Blackmarket breast milk is being sold online in Fife - with some selling it to bodybuilders as ‘liquid gold’.
NHS bosses have described the trend as “utterly horrendous”, and said it turns milk into a commodity and provides an opportunity for fraudsters to scam vulnerable women by selling them ‘white water’.
Women from Fife and across Scotland are are selling the human milk online.
Some mothers have openly admitted they are happy to sell breast milk for adults to use - with online communities of male bodybuilders describing it as ‘the greatest supplement ever’.
Commonly breast milk is referred to as ‘liquid gold’ in online ads, including international marketplace Only the Breast.
One advert, from a mother in Fife selling 54 ounces for £50, said: “I have a supply of frozen breast milk which my baby will not drink.

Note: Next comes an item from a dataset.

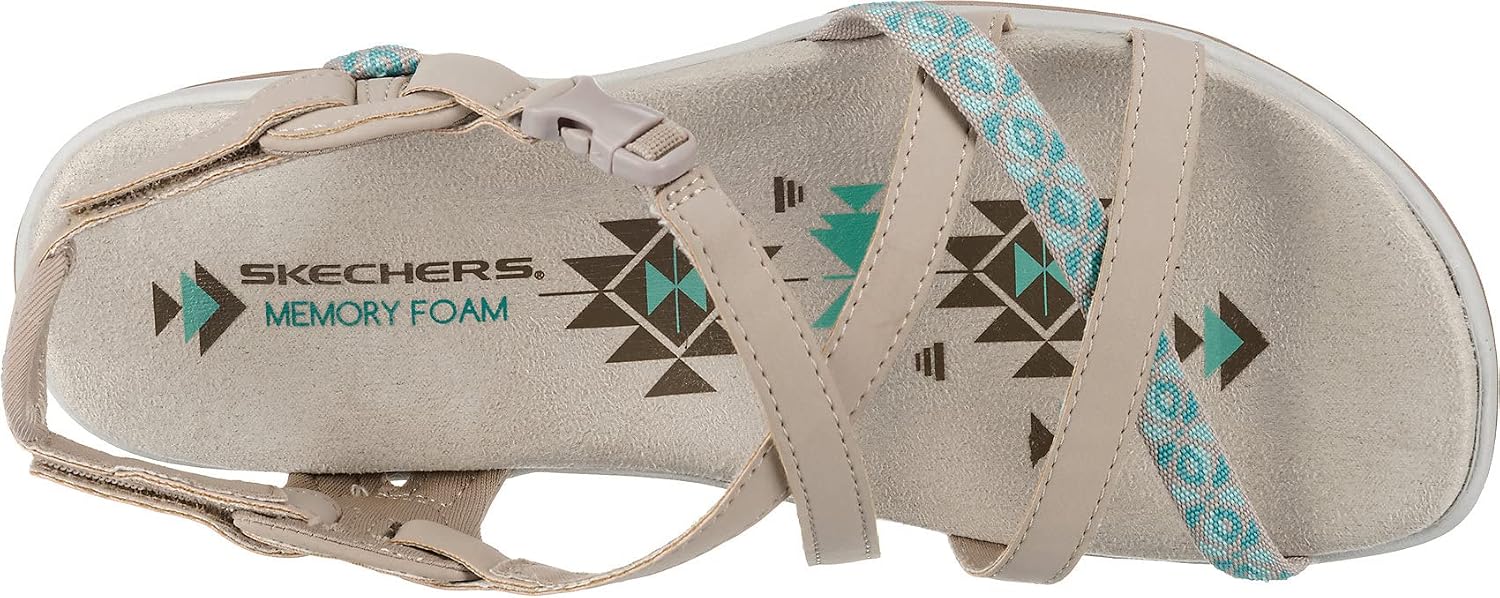 Thumbnail 5 de Skechers REGGAE SLIM VACAY 👡 Sandalias Mujer Taupe Duraleather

“I am a healthy 36 year old and have breast fed both my children. I have never done drugs and have a healthy diet.
“I always steam sterilise all equipment and the milk is put straight into sterilised bags and into the freezer. This milk was expressed between the end of July and beginning of Sep.
“I don’t mind if the milk is for a baby or an adult. If milk is to be posted buyer will cover all postage and packaging costs and arrange with courier.
“Alternatively if you live locally you can collect in person.”
While Facebook pages exist for new mums to ‘share’ breast milk, websites also exist where it is sold for an average of £1 an ounce - prompting concerns from health professionals that women could be sold counterfeit breast milk.
Website Only the Breast offer mums the chance to buy or sell breast milk from the UK and the US.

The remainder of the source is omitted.